By this point I knew I wasn't going to get it and I wanted to quit. I thought about it multiple times but (just like last race) I knew it wasn't fair for me to ask my family to let me go run another marathon in a week or two with the time and expense needed to do so. So I pressed on. With the OTQ girl out, people started telling me that I was in 3rd place. I was already upset at myself with not being able to keep my pace, but I thought if I could at least finish in 3rd that would be something. My friend was an amazing spectator - riding her bike around and waving a Virginia flag for me as I came by. I was so frustrated and upset though - how could this have gone so badly? I was ready! I started to question my fitness - why couldn't I hold the pace? Was it just the wind/conditions of the day? Was it too much BodyPump this season? Should I have used a different training schedule? Had I been training for too many months in a row? Unfortunately, I still had 6 miles to try and silence all of those negative thoughts that were going through my head.
Miles 21-26.2 (7:16, 7:25, 7:22, 7:43, 7:40, 7:28, 7:05 (0.31mi)) I was toast. Done, done, done done done. I was mortified that my friend was here to witness this gigantic crash and burn of a race. I was passing tons of people who were also doing the marathoner's shuffle but I was also getting passed by a few. I started to worry that I'd get passed by another girl - taking me out of 3rd place. That's one of the few thoughts that kept me going - just try not to get passed by another girl. By this point I was seeing 7:30s and up on my watch and I just wanted this to END. Just get me to the finish so I can sit down. I was so tired of being pummeled by the wind. I had been running on my own since mile 7. All of the things I was looking forward to after getting my sub-3 (taking photos at the finish, celebrating with my teammates, buying a shirt or two at the expo, celebrating with my friend at a post-race lunch, having a much nicer 9-hr drive home) were now out the window. I dragged my body across the line in 3:06:27, narrowly avoiding being passed by the 4th place female. I had tears for a second or two, but once I saw the rest of my team I wanted to celebrate their accomplishments. Three of them had gone sub-3, and my very favorite part of the day was watching my teammate Matt come barreling through the finish line to snag his first-ever Boston Qualifier. He was elated and I could not have been happier for him!

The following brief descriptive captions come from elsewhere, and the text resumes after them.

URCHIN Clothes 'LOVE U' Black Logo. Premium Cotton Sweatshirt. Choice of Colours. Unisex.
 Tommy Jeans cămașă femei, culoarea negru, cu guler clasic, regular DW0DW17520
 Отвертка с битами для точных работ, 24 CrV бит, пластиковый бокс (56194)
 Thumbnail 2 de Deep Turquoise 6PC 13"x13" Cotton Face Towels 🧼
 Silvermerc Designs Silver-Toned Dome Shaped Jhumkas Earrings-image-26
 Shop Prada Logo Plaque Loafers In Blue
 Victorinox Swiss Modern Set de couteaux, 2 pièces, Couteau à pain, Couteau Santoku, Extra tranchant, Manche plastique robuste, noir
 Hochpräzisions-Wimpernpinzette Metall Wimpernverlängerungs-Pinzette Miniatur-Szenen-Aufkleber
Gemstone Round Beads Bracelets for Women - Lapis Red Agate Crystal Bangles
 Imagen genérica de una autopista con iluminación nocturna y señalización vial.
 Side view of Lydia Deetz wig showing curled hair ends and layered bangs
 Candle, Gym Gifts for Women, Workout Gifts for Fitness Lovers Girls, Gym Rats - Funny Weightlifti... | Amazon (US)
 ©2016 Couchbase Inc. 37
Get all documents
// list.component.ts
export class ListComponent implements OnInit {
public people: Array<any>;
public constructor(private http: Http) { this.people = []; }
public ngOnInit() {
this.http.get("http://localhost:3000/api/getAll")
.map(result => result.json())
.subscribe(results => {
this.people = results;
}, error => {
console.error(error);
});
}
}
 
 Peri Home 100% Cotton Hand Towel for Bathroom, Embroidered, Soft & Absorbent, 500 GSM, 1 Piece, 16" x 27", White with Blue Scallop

After lots of hugs for teammates, drinking some chocolate milk and chatting with my friend, it was time to head back for a quick shower and get on to the long drive home. I did end up getting 3rd female overall so I picked up my beautiful framed print as my award. I love it - it's so beautiful - but right now looking at it makes me a bit sad. I did get to enjoy a yummy lunch with my friend (she even brought me doughnuts!! How nice is that??!) and had my favorite Pumpkin Beer. After that, it was time to get on the road for the long, long drive home. My friend Kevin also had rough day and we half-jokingly nicknamed our car the "sad car". We called some friends on the way home for some virtual hugs, but tried not to be too sad. At the end of the day, we both realize that running a non-PR marathon is still an accomplishment - we still RAN A MARATHON - something that many people would love to be able to do. But it still stings to work so hard for months and still fail to achieve your goal. To cap off a rough day, we hit construction traffic on 95 on the way home and didn't get home until after midnight. UGH.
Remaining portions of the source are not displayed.